Evaluating Positivity Methods in Causal Inference

A core assumption necessary for causal inference is the positivity assumption (have a look at our other post for a discussion on the main assumptions necessary for causal inference). This is the assumption that, for every subgroup of your data, all kinds of treatment are present in that subgroup. For binary treatment, that means:

This is also called the “common support assumption” because the conditional distributions P(T = 1 | x) > 0 and P(T = 0 | x) must share a common support.

If this assumption isn’t true, when we try to estimate causal effects by estimating P(T = t | x) or E[Y | t, x], we will be extrapolating in regions where P(x) > 0 and P(t | x) = 0. Here’s an illustration of that from a causalcourse.com lecture on positivity:

The dots are data points and the dotted lines correspond to where the model of P(t | w) will be extrapolating.

The dots are data points and the dotted lines correspond to where the model of P(t | w) will be extrapolating.

To intuitively understand this, let T = 1 correspond to treated and let T = 0 correspond to control; If we have a subgroup X = x where every unit is treated, we don’t have any data to tell us what might have happened if that subgroup was not treated. See Neal (2020, Section 2.3.4) for more info.

So we need methods that can accurately tell us if the positivity assumption is violated, and, if so, where.

The most common method is estimating P(T = 1 | x) using a classifier such as logistic regression and classifying positivity violations as all values P(T = 1 | x) that are < ε or > 1 - ε, for some ε such as 0.05. This method is studied by Crump et al. (2009) and is called propensity thresholding.

However, there are many other methods for detecting positivity violations. For example, there’s “the IBM method” from Karavani et. al (2019) and “the Vianai method” from Wolf et al. (2021) that we’ll now introduce.
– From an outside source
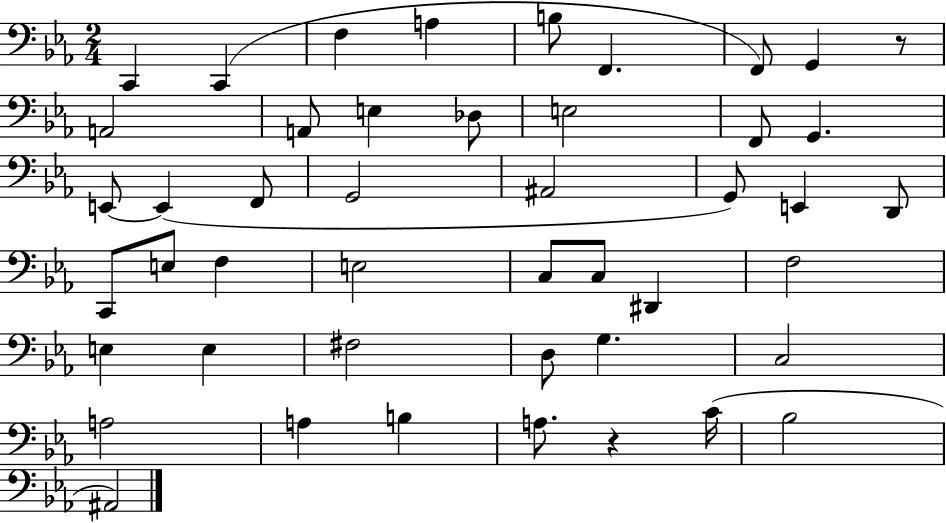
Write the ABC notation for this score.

Positivity Violation Detection Methods

Propensity Thresholding:

Fit a model for P(T = 1 | X) (propensity score).
Choose a thresholdε and consider all samples with P(T = 1 | X) < ε and P(T = 1 | X) > 1 - ε positivity violations.

Code:

class PropThresholding:

def __init__(self, model):
super().__init__()
self.model = model
self.prop_threshold = None

def predict_propensity(self, X):
"""Predict propensity scores for each observation in X."""
return self.model.predict_proba(X)[:, 1]

def predict_positivity_violation(self, X, prop_threshold=None):
if prop_threshold is None:
prop_threshold = self.prop_threshold
pred_props = self.predict_propensity(X)
pred_violations = (pred_props < prop_threshold) | (pred_props > 1 - prop_threshold)
return pred_violations

IBM Method:

Fit a random forest for P(T = 1 | X).
For every tree in that forest, check if a sample is in a leaf where all samples in that leaf are all control group or all treatment group; consider a sample a positivity violation if at lease ε trees put that sample in a homogenous leaf.

Code:

import flaml
import numpy as np
import sklearn

class IBMForest:

def __init__(self, X, t, rf_type='flaml_default', separate_treat_control=True, max_minutes=2, homogeneity_threshold=0):
super().__init__()
if rf_type == 'sklearn':
self.model = sklearn.ensemble.RandomForestClassifier()
elif rf_type == 'flaml_default' or rf_type == 'flaml':
self.model = flaml.default.RandomForestClassifier()
elif rf_type == 'flaml_tuned':
self.model, _ = train_automl_pipeline(X, t, max_minutes=max_minutes, estimator_list=['rf'])
else:
raise ValueError('rf_type must be flaml or sklearn')
self.X = X
self.t = t
self.separate_treat_control = separate_treat_control
self.homogeneity_threshold = homogeneity_threshold
self.min_tree_threshold = 0.5
self.model.fit(X, t)

def predict_propensity(self, X):
"""Predict propensity scores for each observation in X."""
return self.model.predict_proba(X)[:, 1]

def predict_positivity_violation(self, X, separate_treat_control=None, min_tree_threshold=None, homogeneity_threshold=None):
""" Predict positivity violations for each observation in X. Implements the rule described in Section 3.2.1 of this paper: https://arxiv.org/abs/1907.08127 :param X: Data to predict positivity violations for :param separate_treat_control: If False, then the violations are aggregated as described in the paper ("fraction of times it was counted as a violation"); if True, the positivity violations are computed separately for treated and control :param min_tree_threshold: Minimum proportion of trees that must predict a violation for the observation to be considered a violation :param homogeneity_threshold: Minimum proportion of observations in a leaf that must be of the same treatment status for the leaf to be considered homogeneous :return: A boolean array indicating whether each observation in X violates positivity """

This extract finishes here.